Input data -
◇ ◇ ◇ ◇ ◇

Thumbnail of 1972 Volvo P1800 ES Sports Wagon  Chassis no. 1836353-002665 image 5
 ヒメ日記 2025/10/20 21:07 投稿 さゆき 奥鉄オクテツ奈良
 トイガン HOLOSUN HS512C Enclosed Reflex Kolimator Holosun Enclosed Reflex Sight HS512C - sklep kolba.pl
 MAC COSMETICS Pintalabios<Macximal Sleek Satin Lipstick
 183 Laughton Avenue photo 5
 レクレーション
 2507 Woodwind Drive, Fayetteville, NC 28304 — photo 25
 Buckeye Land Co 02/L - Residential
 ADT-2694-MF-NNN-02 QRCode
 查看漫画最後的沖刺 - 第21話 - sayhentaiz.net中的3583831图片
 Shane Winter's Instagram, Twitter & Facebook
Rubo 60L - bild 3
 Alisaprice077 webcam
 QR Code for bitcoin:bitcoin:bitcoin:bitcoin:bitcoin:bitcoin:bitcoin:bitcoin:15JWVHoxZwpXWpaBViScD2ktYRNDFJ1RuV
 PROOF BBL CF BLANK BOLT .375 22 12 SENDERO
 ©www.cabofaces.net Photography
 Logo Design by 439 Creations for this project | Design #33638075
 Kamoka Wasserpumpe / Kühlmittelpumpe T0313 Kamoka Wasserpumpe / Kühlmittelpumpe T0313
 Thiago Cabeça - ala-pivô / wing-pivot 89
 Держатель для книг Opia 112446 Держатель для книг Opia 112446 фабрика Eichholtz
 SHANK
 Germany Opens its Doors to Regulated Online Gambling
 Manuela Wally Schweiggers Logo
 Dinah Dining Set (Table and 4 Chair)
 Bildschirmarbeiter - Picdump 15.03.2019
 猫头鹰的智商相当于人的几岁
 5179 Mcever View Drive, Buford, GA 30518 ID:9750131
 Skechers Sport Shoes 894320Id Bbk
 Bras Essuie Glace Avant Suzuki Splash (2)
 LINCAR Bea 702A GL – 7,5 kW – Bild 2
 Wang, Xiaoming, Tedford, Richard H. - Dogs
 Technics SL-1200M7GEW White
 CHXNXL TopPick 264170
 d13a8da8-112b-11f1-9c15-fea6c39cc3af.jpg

◇ ◇ ◇ ◇ ◇

Task item - Only lines with the word "Drive" are wanted, so copy each one from the records.

Reply to the exercise -
 2507 Woodwind Drive, Fayetteville, NC 28304 — photo 25
 5179 Mcever View Drive, Buford, GA 30518 ID:9750131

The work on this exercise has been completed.